2015 yılının Mayıs ayında Yüksek Öğretim Kurulu tarafından tüm üniversite rektörlerine gönderilen bir yazı ile Suriyeli mültecilerle ilgili akademik araştırmanın yasaklandığı yönünde bir haber yapılmıştı.
Diken haber sitesi 25 Ocak 2016’da yaptığı bir haberde, daha önce öne sürülen bu haberi hatırlatarak, İçişleri Bakanlığı Göç İdaresi Genel Müdürü Atilla Toros’un YÖK’e gönderdiği yazı ile söz konusu yasağın kaldırıldığını ancak YÖK tarafından üniversitelere herhangi bir yazı gönderilmediği için aslında iddia edilen Suriyeliler hakkında akademik araştırma yasağının fiili olarak devam etmekte olduğunu ileri sürdü.
Ancak konu ile ilgili yapılan araştırmalar neticesinde, 2015’in Mayıs ayında Yüksek Öğretim Kurulu Başkanlığı tarafından tüm üniversite rektörlüklerine gönderilen yazıda, Suriyeli mülteciler ile ilgili üniversitelerde akademik araştırma hususunda herhangi bir yasaktan bahsedilmediği, sadece söz konusu araştırmaların güvenlikle ilgili gerekçelerle belli bir izin prosedürüne bağlandığının duyurulduğu anlaşılmaktadır.

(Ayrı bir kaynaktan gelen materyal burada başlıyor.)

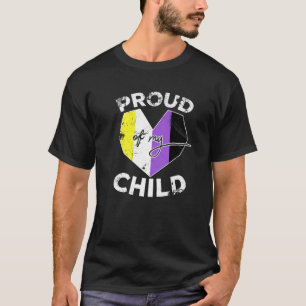 T-shirt Fier De Mon Enfant Non binaire Fierté non binair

YÖK tarafından gönderilen yazıda Yabancılar ve Uluslararası Koruma Kanunu çerçevesinde, Türkiye’den koruma talebinde bulunan yabancıların iş ve işlemlerinin Göç İdaresi Genel Müdürlüğü tarafından yürütüldüğü ve 6458 sayılı Yabancılar ve Uluslararası Koruma Kanunu ve 6883 sayılı Geçici Koruma Yönetmeliği kapsamında iltica iş ve işlemlerinde gizlilik ilkesi çerçevesinde başvuru sahibinin, uluslararası koruma talebinde bulunmuş olduğu bilgisi de dahil olmak üzere kişisel verilerin veya başvuru sahipleri ile ilgili diğer verilerin başka ülkelerle ve üçüncü şahıslarla paylaşılmasının mevzuata aykırı olduğu ifade edilmiştir.Ayrıca bu mevzuat hükümlerine rağmen bazı yabancı ülke temsilciliklerinin, üniversitelerin/akademisyenlerin, uluslararası kuruluşların, ulusal/uluslararası sivil kuruluşlarının Bakanlıkların bilgisi ve onayı olmadan uluslararası koruma talebinde bulunan yabancılar ile geçici koruma sağlanan Suriyeli yabancılara yönelik kişisel verileri toplamayı da içeren saha çalışmaları yaptıkları, bu kapsamda bilgi topladıkları ve arşiv oluşturdukları yönünde duyumlar alındığı da belirtilmiştir. Alınan bu duyumlara istinaden, hem koruma talebinde bulunan yabancıların hem de geçici koruma sağlanan Suriyeli yabancıların güvenliklerini sağlamak adına, söz konusu yabancılarla ilgili herhangi bir araştırma, saha çalışması ya da rapor hazırlama hususları, belirli bir izne tabi tutulduğu, bunun da ilgili Bakanlıklara bağlandığı vurgulanmıştır.
Bu bilgiler ışığında, mevcut mevzuat hükümlerine istinaden, bahsedilen yabancılarla ilgili yapılacak herhangi bir araştırmanın, ilgili Bakanlıkların iznine tabi tutulmasının, araştırmaların yasakladığı şeklinde sunulması doğru değildir. Burada söz konusu olanın, Türkiye’ye sığınan yabancıların güvenlikleri için her türlü kişisel bilgilerinin korunması ve bu özel bilgilerin her an her platforma herhangi bir kişinin istediği zaman ulaşabileceği bir bilgi haline getirilmesinin, bu bilgilerin manipüle edilmesinin ve başka ülkeler ile üçüncü şahısların inisiyatifine sunulmasının önüne geçmek olduğu anlaşılmaktadır.
Dolayısıyla Diken’in iddia ettiği gibi ortada Suriyeli mültecilerle ilgili akademik araştırma yasağının olduğu ve bunun aslında kalktığı halde fiilen devam etmekte olduğu yönündeki haber, gerçeği yansıtmamaktadır.